Task directions ▸ Every entry below should be printed again exactly as it reads.

Provided entries ▸
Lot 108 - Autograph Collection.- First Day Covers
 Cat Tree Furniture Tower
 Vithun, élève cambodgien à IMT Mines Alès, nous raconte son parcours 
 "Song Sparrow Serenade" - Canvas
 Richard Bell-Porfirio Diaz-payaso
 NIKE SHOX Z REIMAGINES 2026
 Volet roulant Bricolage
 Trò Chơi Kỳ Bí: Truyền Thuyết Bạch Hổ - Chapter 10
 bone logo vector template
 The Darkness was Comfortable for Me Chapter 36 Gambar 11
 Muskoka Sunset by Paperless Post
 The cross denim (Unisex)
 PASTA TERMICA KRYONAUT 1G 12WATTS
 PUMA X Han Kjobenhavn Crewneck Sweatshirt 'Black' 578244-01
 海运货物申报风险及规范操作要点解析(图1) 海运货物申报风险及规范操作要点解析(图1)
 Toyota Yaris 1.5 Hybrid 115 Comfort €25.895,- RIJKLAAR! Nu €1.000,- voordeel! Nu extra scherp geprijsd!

Written reply ▸
Lot 108 - Autograph Collection.- First Day Covers
 Cat Tree Furniture Tower
 Vithun, élève cambodgien à IMT Mines Alès, nous raconte son parcours 
 "Song Sparrow Serenade" - Canvas
 Richard Bell-Porfirio Diaz-payaso
 NIKE SHOX Z REIMAGINES 2026
 Volet roulant Bricolage
 Trò Chơi Kỳ Bí: Truyền Thuyết Bạch Hổ - Chapter 10
 bone logo vector template
 The Darkness was Comfortable for Me Chapter 36 Gambar 11
 Muskoka Sunset by Paperless Post
 The cross denim (Unisex)
 PASTA TERMICA KRYONAUT 1G 12WATTS
 PUMA X Han Kjobenhavn Crewneck Sweatshirt 'Black' 578244-01
 海运货物申报风险及规范操作要点解析(图1) 海运货物申报风险及规范操作要点解析(图1)
 Toyota Yaris 1.5 Hybrid 115 Comfort €25.895,- RIJKLAAR! Nu €1.000,- voordeel! Nu extra scherp geprijsd!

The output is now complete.